Variational auto encoders (VAE) are in these slides

Implicit density models

Generative Adversarial Networks — GANs

$$ z \sim N(0, \Sigma) \to \boxed{\text{Model}} \to x$$

Autoencoders

Source: Lilian Weng post

Ways to use autoencoders

Feature generation, for example, to effectively solve supervised learning problems
Dimensionality reduction
Low-loss data compression
Trainable object vectorization, embeddable in deeper neural network architectures
Generation of synthetic objects similar to real ones

Rumelhart, Hinton, Williams. Learning Internal Representations by Error Propagation. 1986.
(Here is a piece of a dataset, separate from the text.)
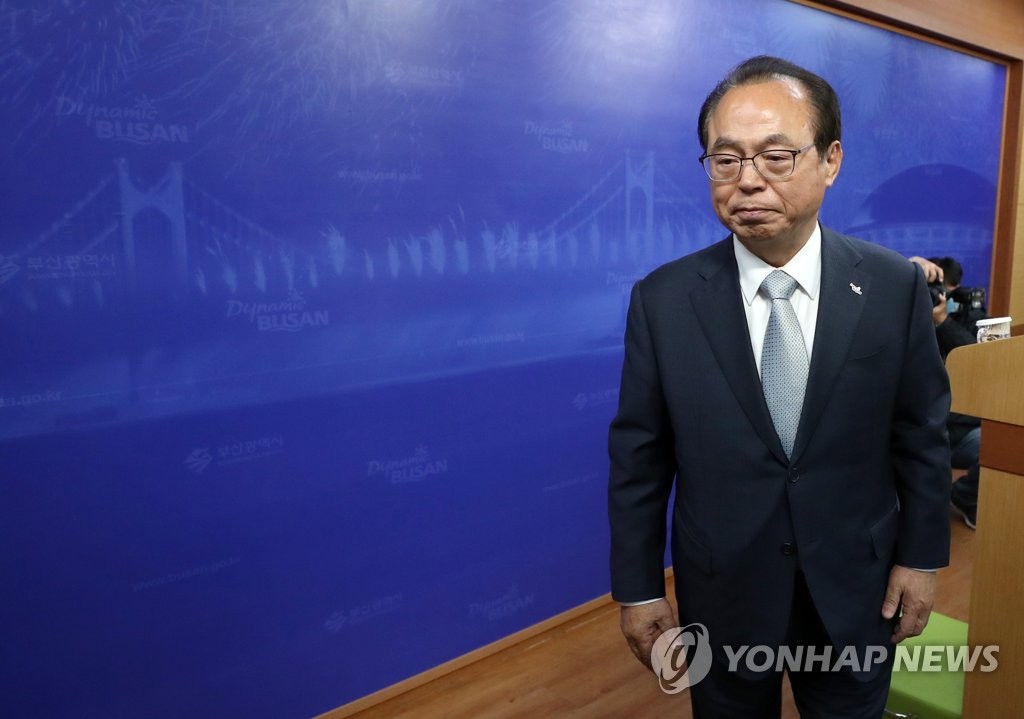 부산시청 나서는 오거돈 부산시장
David Charte et al. A practical tutorial on autoencoders for nonlinear feature fusion: taxonomy, models, software and guidelines. 2018.

Linear Autoencoder and Principal Component Analysis

$$ \mathscr{L}_{AE}(A, B) = \sum\limits_{i = 1}^{\ell} \|{\color{orange}BA}x_i - x_i \|^2 \to \min \limits_{A,B}$$

Principal Component Analysis: $F = (x_1 \dots x_{\ell})^T, U^TU = I_m, G = FU,$

$$\|F - GU^T \|^2 = \sum\limits_{i = 1}^{\ell} \|{\color{orange}UU^T}x_i - x_i \|^2 \to \min\limits_{U}$$

The autoencoder generalizes the principal component analysis:

it is not necessarily $B=A^T$ (although this is often done)
arbitrary $A, B$ instead of orthogonal
non-linear models
arbitrary loss function $\mathscr{L}$ instead of quadratic
SGD optimization instead of singular value decomposition (SVD)

Sparse Auto Encoder

Reminder from linear models: if the loss function has a kink, then we select objects. If regularizer has a kink, then we select features.
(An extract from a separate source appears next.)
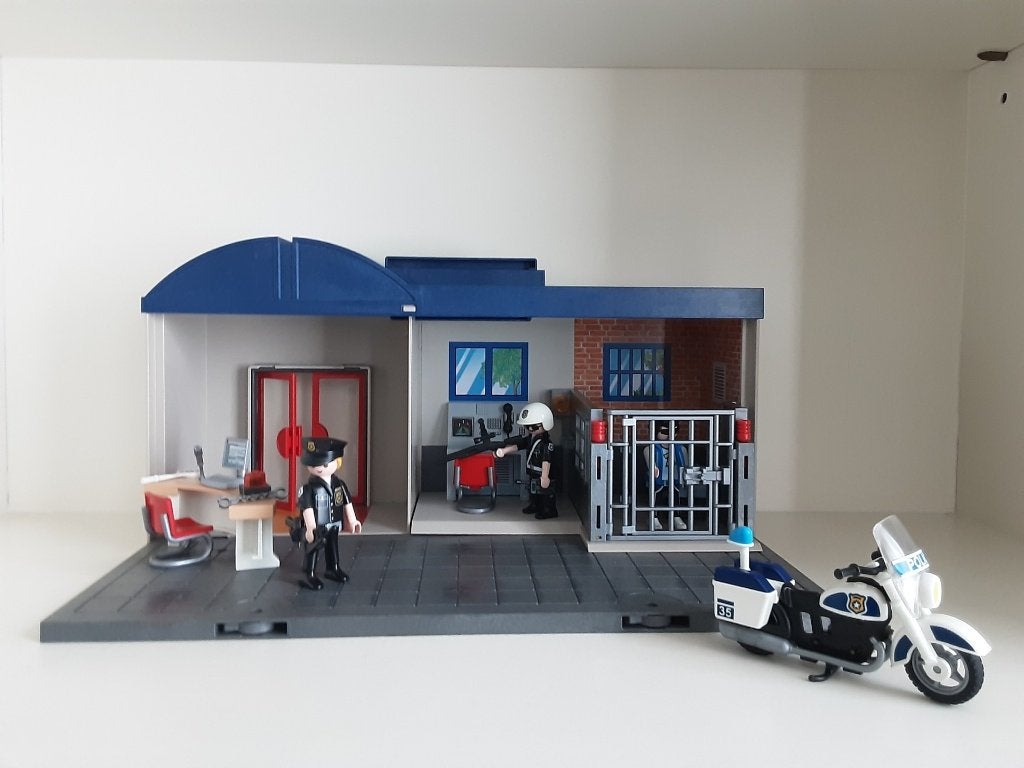 PLaymobil meeneem politiekantoor met motor - compleet, Kinderen en Baby's, Speelgoed | Playmobil, Ophalen of Verzenden, Zo goed als nieuw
Applying $L_1$ or $L_2$ regularization to weight vectors
Applying of $L_1$-regularization to representation vectors $z_i = Ax_i$
Entropy regularization

D.Arpit et al. Why regularized auto-encoders learn sparse representation? 2015.
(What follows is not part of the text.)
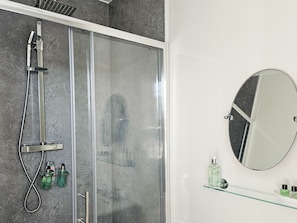 Plumbing Fixture, Bathroom, Interior Design, Shower, Plumbing, Shower Head, Shower Door, Tap, Tile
2D font manifold demonstration

Variational Auto Encoder

Source: Snawar Hussain blog

A generative model is constructed capable of generating new objects $x$ similar to the objects of the sample $X^\ell = \{x_1,\dots,x_\ell \}$

$q_\alpha(z|x)$ — probabilistic encoder with $\alpha$ parameter

$p_\beta(\hat x|z)$ — probabilistic decoder with $\beta$ parameter

$$ \begin{align*} \mathscr{L}_{\text{VAE}}(\alpha, \beta) = \sum\limits_{i=1}^\ell \log p(x_i) = \sum\limits_{i=1}^\ell \log \int q_{\alpha} (z | x_i) \frac{p_{\beta}(x_i|z) p(z)}{q_{\alpha} (z | x_i)} dz \geq \\ \geq \sum\limits_{i=1}^\ell \int q_\alpha(z|x_i) \log p_\beta(x_i|z)dz - KL(q_\alpha(z|x_i)\| p( z)) \to \max\limits_{\alpha, \beta} \end{align*} $$

$$ \sum\limits_{i=1}^\ell \underbrace{\mathbb{E}_{z \sim q_{\alpha}(z|x_i)} \log p_\beta(x_i|z)}_{\text{quality reconstruction}} - \underbrace{KL(q_\alpha(z|x_i)\| p(z))}_{\text{regularizer by } \alpha} \to \max\limits_{\alpha, \beta} $$

where $p(z)$ is the prior distribution, usually $N(0, \sigma^2 I)$

Reparametrization $q_\alpha (z|x_i):\ z = f(x_i, \alpha, \varepsilon),\ \varepsilon \sim N(0, I)$

Stochastic gradient method:

sample $x_i \sim X^\ell,\ \varepsilon \sim N(0, I),\ z = f(x_i, \alpha, \varepsilon)$
gradient step $ \alpha = \alpha + h \nabla_\alpha[\log p_\beta(x_i|f(x_i, \alpha, \varepsilon)) - KL(q_\alpha(z|x_i)\| p(z)) ] $
gradient step $ \beta = \beta + h \nabla_\beta[\log p_\beta(x_i|z)] $

Generation of similar objects:

$$x \sim p_\beta(x|f({\color{orange}x_i}, \alpha, \varepsilon)), \varepsilon \sim N(0, I)$$

D.P.Kingma, M.Welling. Auto-encoding Variational Bayes. 2013.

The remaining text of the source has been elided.